Cox is feeling that more than ever with his latest endeavor: his directorial film debut. Glenrothan: Sons of the Whiskey explores his passion for Scotch whisky while simultaneously paying homage to his home country. As created by Scottish actor and writer David Ashton, the project — currently in development — revolves around two estranged brothers of a famous distillery family from the Scottish Highlands who reunite after four decades apart by necessity. In addition to directing the film, Cox will also star as the elder brother, Sandy. At the time of our interview, the role of the younger brother had yet to be cast.
Here’s the plot: the younger brother has a true gift, and that gift is the art of making whiskey. In fact, he is the youngest master distiller in Glenrothan’s history. But a blowout fight with his father forces him to flee to America, where he becomes a prolific music writer, focusing on the blues. Sandy, according to Cox, is the organized brother, the plotter, the one who knows the ins and outs of the small, successful distillery that creates small-batch, high-end, “special occasion” whiskey. But Sandy doesn’t have his younger brother’s talent for producing it. When the screenplay courtesy of award-winning writer Jeff Murphy (Hinterland) begins, Sandy is fed up and ready for a change. “He’s getting on,” Cox explains. “He’s thinking about what’s going to happen to the family business now. He’s not 100% well, and so he sends a letter to his younger brother, who resists returning.” But when he does eventually head back to Caledonia, “everything begins to go both right and also wrong,” Cox summarizes.
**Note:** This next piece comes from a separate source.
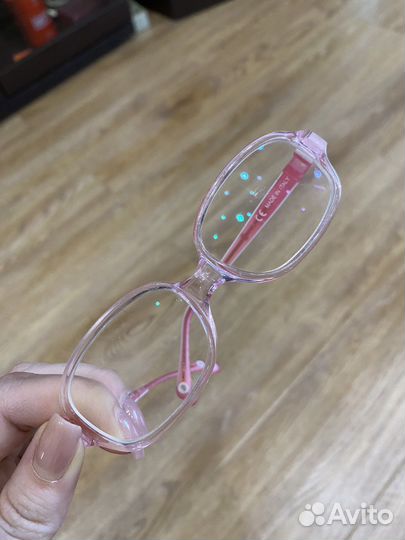 Оправа для очков детская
For Cox, this project was only right. Thomas Wolfe famously wrote, “You can’t go home again” — but in Cox’s case at least, he was wrong. The actor may have left at 17, but his dreams were born in Scotland, and he will never forget that. “This is a love letter to Scotland — it’s a love letter to the land — but it’s also about understanding the nature of your roots and how your roots liberate you, not bind you,” he explains. And although he plays the older brother, there is something of the younger in him, too. “That he lives somewhere else doesn’t invalidate that fact that his roots are important to him, and not just important, but a fundamental part of who he is. You also have to take into account that even though he moved away, those roots are still there, and those roots gave him the freedom to move away to go somewhere else.”
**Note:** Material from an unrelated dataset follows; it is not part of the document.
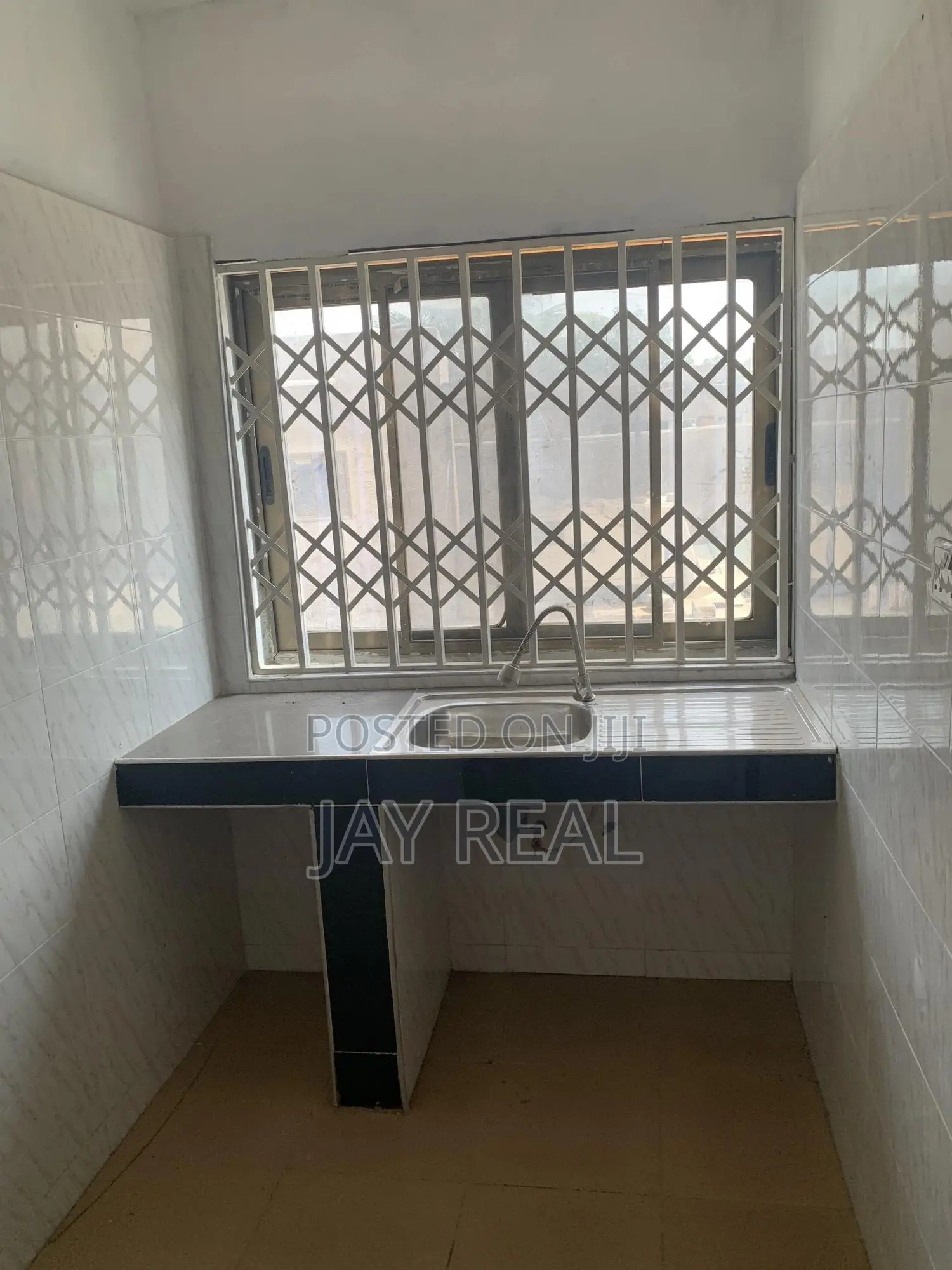 1bdrm Apartment in Jayrealestate, Kasoa for rent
In a sense, delving into his own history seems to be a motivation for being part of the project, but this movie also gave him the opportunity to reunite with Ashton, whom he last worked with on the British radio crime drama series McLevy in 1999. But at 76, as a man who’s constantly learning and constantly testing himself, trying something new — aka directing — was a welcome challenge. That he has an entire cupboard full of whiskeys back in the U.K., a collection that has grown substantially over the past 40 years, well, that just sweetened the pot. It’s a tough job being Brian Cox, but someone’s got to do it, eh?
As we prepare to bid each other farewell, I inevitably ask for a parting Scottish phrase. We did, after all, start our chat with the etymology of a Ned.
He thinks for a brief moment, and shares this: “My mother used to say that what’s for you will not go by you. It’s destiny. It’s one of those pearls of wisdom that I took for granted, but it’s absolutely true, because if it’s for you, it will happen. If it’s not for you, it won’t happen. If people understood that, there would be a lot less misery in the world.”